The invention relates generally to the fabrication of structures from fiber-reinforced composite materials and, more particularly, to methods and apparatuses that utilize a fluid bearing to consolidate or lay such materials.
In recent years the use of fiber-reinforced resin composites has increased considerably, particularly in aerospace structures where high strength-to-weight characteristics are extremely desirable. Various methods have been devised to form laminated structures using composite materials in the form of sheets or tapes of woven or aligned fibers in a resin matrix. In those methods that use sheet goods as the working material, the laminated structures are formed by stacking or laying up a plurality of plies, with the ply direction and number of plies determined on the basis of the intended use of the resultant structure. In other processes, composite tapes are laid side by side by hand or by automated tape-laying machines in first one direction and then in another direction to form multiple layers having cross-oriented fibers.

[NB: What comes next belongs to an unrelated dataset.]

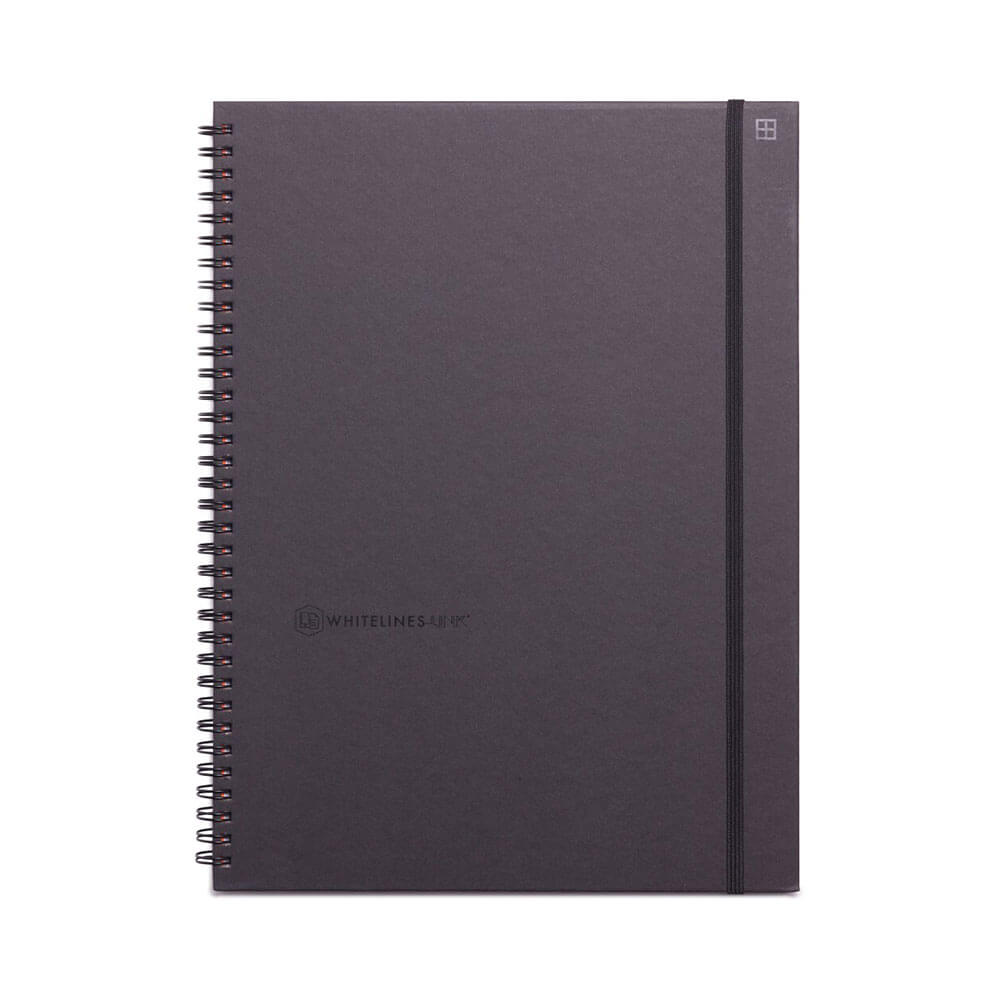 Whitelines Spiral Notebook A4 Black 160 Page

After a layup is formed in one of these manners, it is placed inside an autoclave or a press and subjected to heat and pressure. In the case of thermosetting materials, the heat causes the resin to cure; whereas, in the case of thermoplastic materials, the heat raises the resin above its melt temperature. The structures produced in this manner are inherently costly because of the manual handling of the material and the length of time required for the autoclave to cycle.

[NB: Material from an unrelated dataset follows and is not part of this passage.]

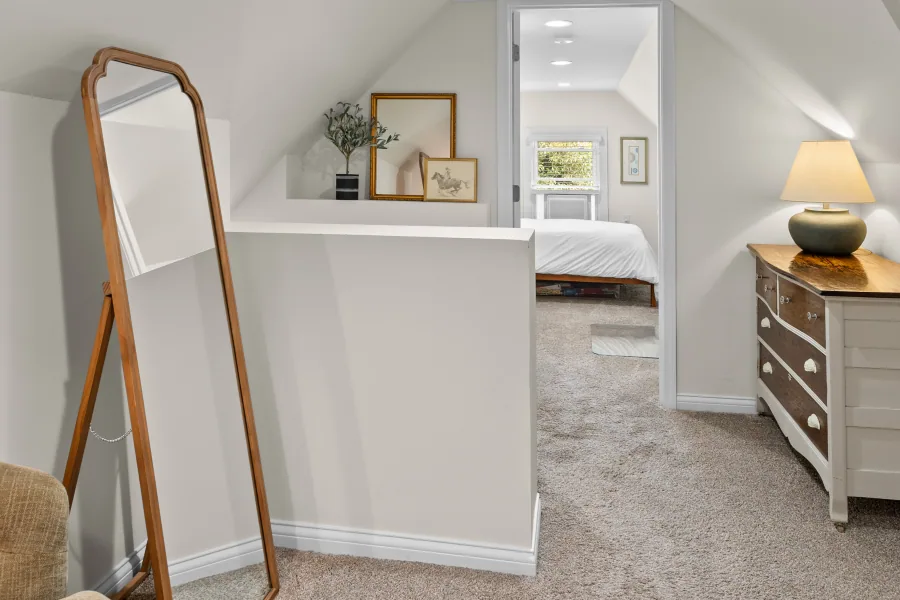Bedroom corner with full-length leaning mirror and bedside lamp — photographed by 513Shutter Cincinnati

As a result of these difficulties, efforts have more recently focused upon developing cost-effective methods to process composites having thermoplastic or thermosetting resins. Thermoplastic materials are particularly desirable since they need only be heated to their melt temperature (and not cured) and can be repeatedly softened and solidified. Because of these characteristics, it is possible to form sheet stock or preconsolidated multiple-ply laminates, which are subsequently formed or machined into the final product or part. Several proposals have been made to utilize point contact, such as via belts, pressure rollers, or shoes, to provide the pressure needed for consolidation. To supply the necessary heat, suggestions have been made to heat the material just before entering the pressure area or heat the material while in the pressure area via the use of a heated roller or hot shoe. There are a number of disadvantages with these approaches. First, frictional loads are undesirably applied to the material as it moves relative to the rollers, belts, or shoes. Secondly, it is difficult to precisely control the speed of the material through the pressure area in relation to the melting cycle so that the material properly solidifies under a uniform pressure before leaving the pressure area. Thirdly, with ultimate contact between the machine and material, problems of buildup and release can occur.

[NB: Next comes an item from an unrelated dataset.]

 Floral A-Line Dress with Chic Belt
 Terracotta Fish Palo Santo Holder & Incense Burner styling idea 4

A fourth, and important, disadvantage is that these methods are limited to the formation of continuous sheets or other parts having a substantially constant thickness. Many parts, particularly those used in aerospace applications, do not have a constant cross-sectional configuration or uniform thickness. For example, a wing skin generally tapers in thickness in a spanwise direction from the root to the tip. When composite materials are used to form such tapering parts, the necessary taper is produced by gradually dropping off, or reducing, the number of plies. The step-like "ply drop-offs" that occur where a ply is discontinued produce an irregular contour and an incremental change in thickness. The foregoing arrangements rely upon a fixed gap in the pressure area and thus cannot accommodate the ply drop-offs or follow the irregular contour.